China and other developing countries in Asia follow similar economic growth patterns described by the flying geese (FG) model, which explains the "catching-up" process of industrialization in latecomer economies. Japan, newly industrialized economies, and China have followed this path, with similar economic development trajectories. Based on the FG model, we postulated a "flying S" hypothesis stating that if a country is located within an FG region and its energy matrix is relatively constant, its per capita CO2 emission curve will mirror that of "leading geese" countries in the same FG group.
Historical CO2 emissions data were obtained from literature review and national reports and were calculated using bottom-up methods. A sigmoid-shaped, non-linear mixed effect model was applied to examine ex post data with 1000 simulated predictions to construct 95% empirical bands from these fits.

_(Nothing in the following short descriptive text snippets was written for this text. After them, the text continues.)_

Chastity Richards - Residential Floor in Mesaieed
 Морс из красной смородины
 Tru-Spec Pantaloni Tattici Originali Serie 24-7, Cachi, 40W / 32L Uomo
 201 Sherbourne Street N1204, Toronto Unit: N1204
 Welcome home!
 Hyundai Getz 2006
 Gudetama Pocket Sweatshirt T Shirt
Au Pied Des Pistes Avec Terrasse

By multiplying by estimated population, we predicted total emissions of selected FG countries.
Per capita CO2 emissions from the same FG group mirror each other, especially among second and third industrial sectors. We estimated an annual 18,252.24 million tons of CO2 emissions (MtCO2) (95% CI = 9458.88-23,972.88) in China and 8281.76 MtCO2 (95% CI = 2765.68-14,959.12) in India in 2030.
This study bridges the macroeconomic FG paradigm to study climate change and proposes a "flying S" hypothesis to predict greenhouse gas emissions in East Asia. By applying our theory to empirical data, we provide an alternative framework to predict CO2 emissions in 2030 and beyond.